- _Information given_:
━━━━━━━━━━

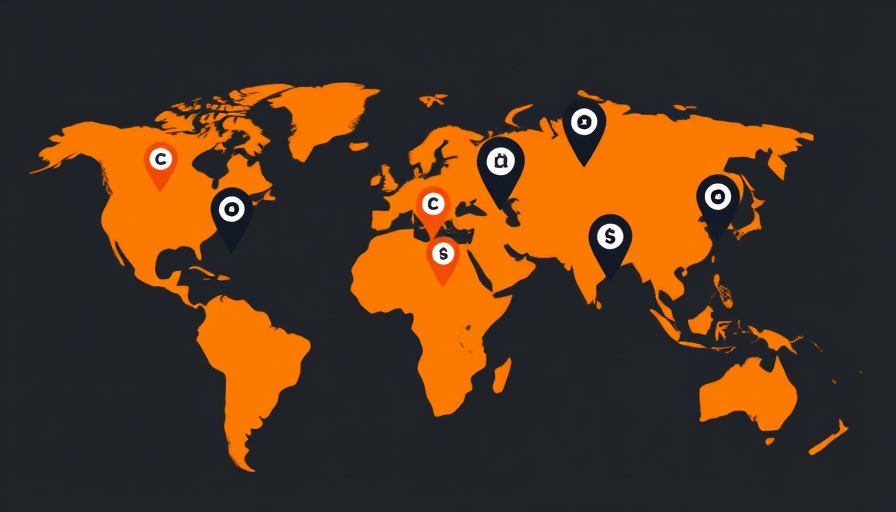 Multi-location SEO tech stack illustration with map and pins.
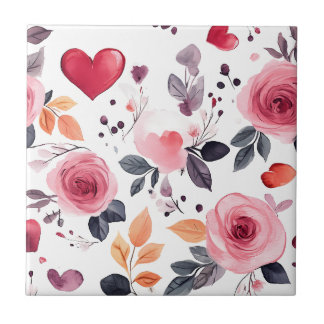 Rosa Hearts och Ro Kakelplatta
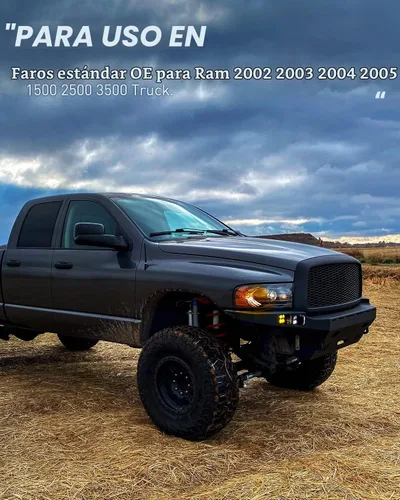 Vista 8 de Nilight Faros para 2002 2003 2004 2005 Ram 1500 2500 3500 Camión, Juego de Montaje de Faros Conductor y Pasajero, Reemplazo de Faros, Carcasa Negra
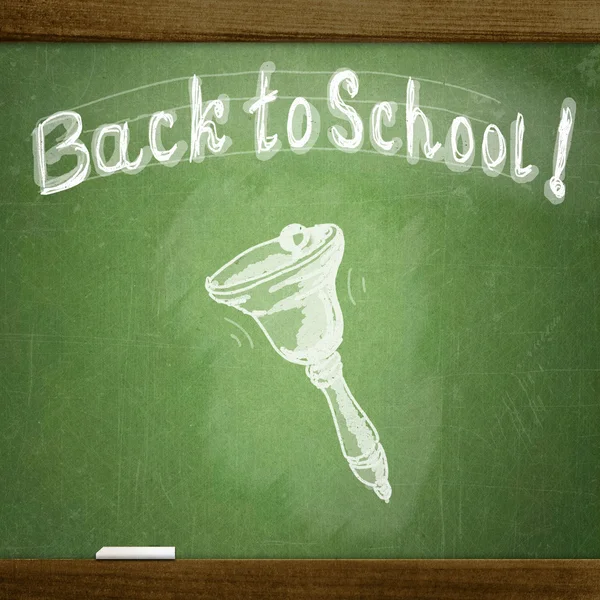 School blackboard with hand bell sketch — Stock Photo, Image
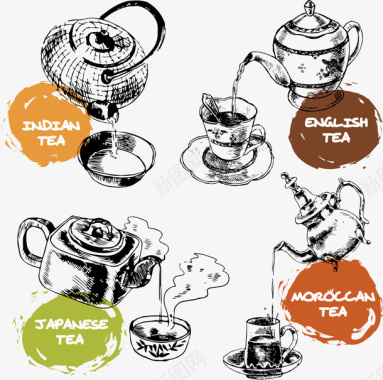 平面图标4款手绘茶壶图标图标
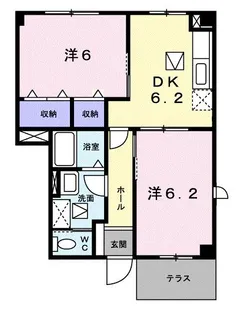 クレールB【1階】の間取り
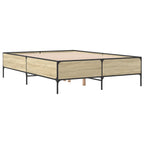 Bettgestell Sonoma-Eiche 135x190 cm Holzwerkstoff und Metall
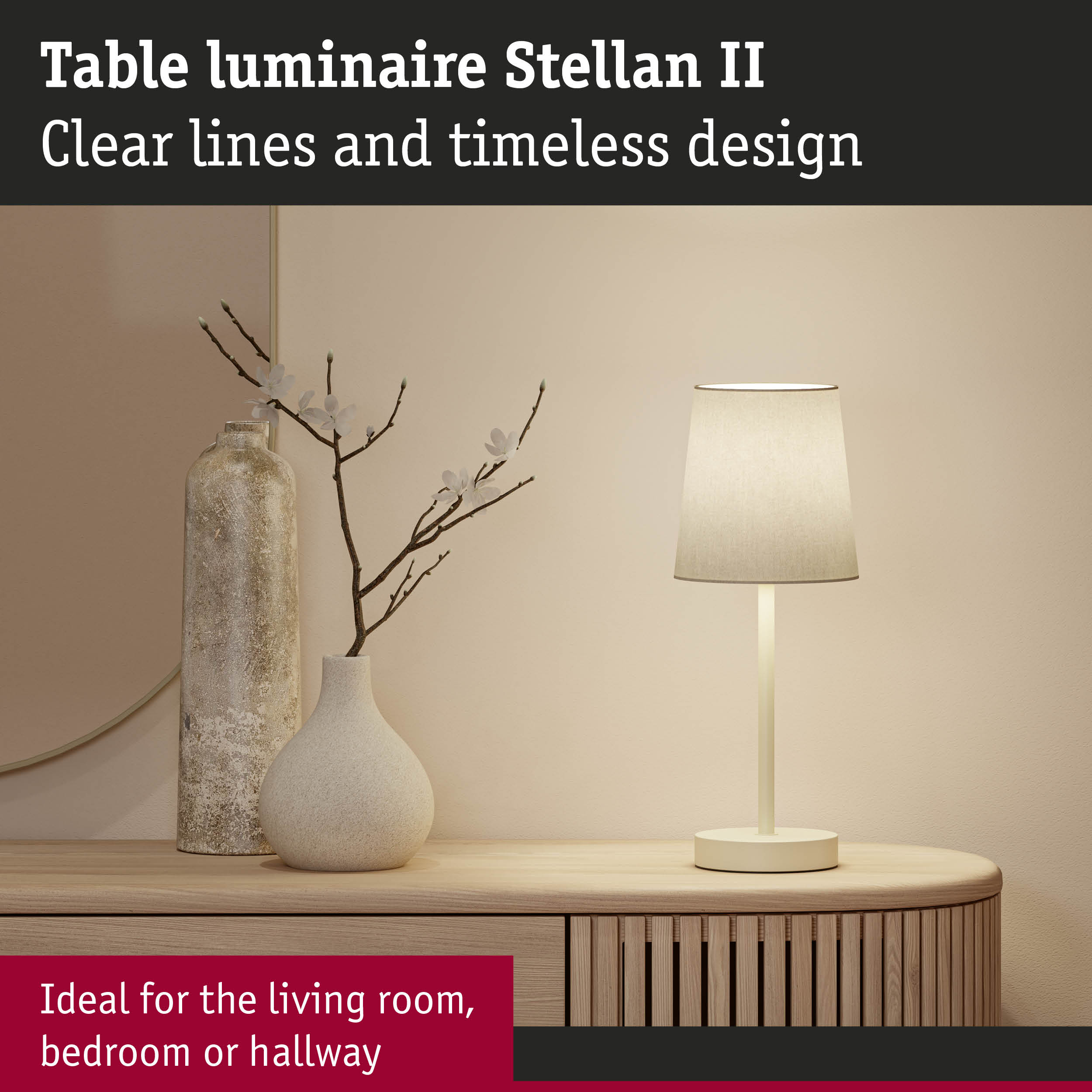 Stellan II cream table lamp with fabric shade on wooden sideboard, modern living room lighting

━━━━━━━━━━

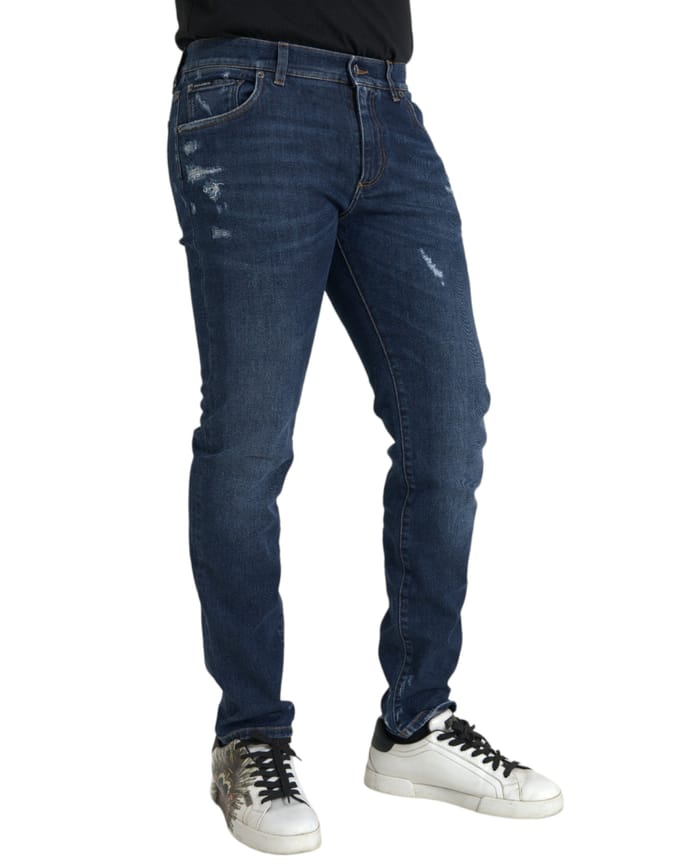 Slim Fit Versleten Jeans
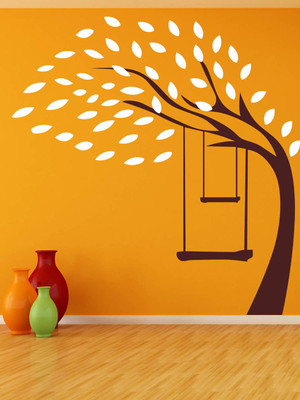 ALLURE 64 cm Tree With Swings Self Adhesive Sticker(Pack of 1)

━━━━━━━━━━

- _What is needed_:
Among the lines above, the one with "School blackboard with" opens the part to repeat and the one with "Stellan II cream" closes it; repeat only that part exactly, with no pictures.

- _Response below_:
 School blackboard with hand bell sketch — Stock Photo, Image
 平面图标4款手绘茶壶图标图标
 クレールB【1階】の間取り
 Bettgestell Sonoma-Eiche 135x190 cm Holzwerkstoff und Metall
 Stellan II cream table lamp with fabric shade on wooden sideboard, modern living room lighting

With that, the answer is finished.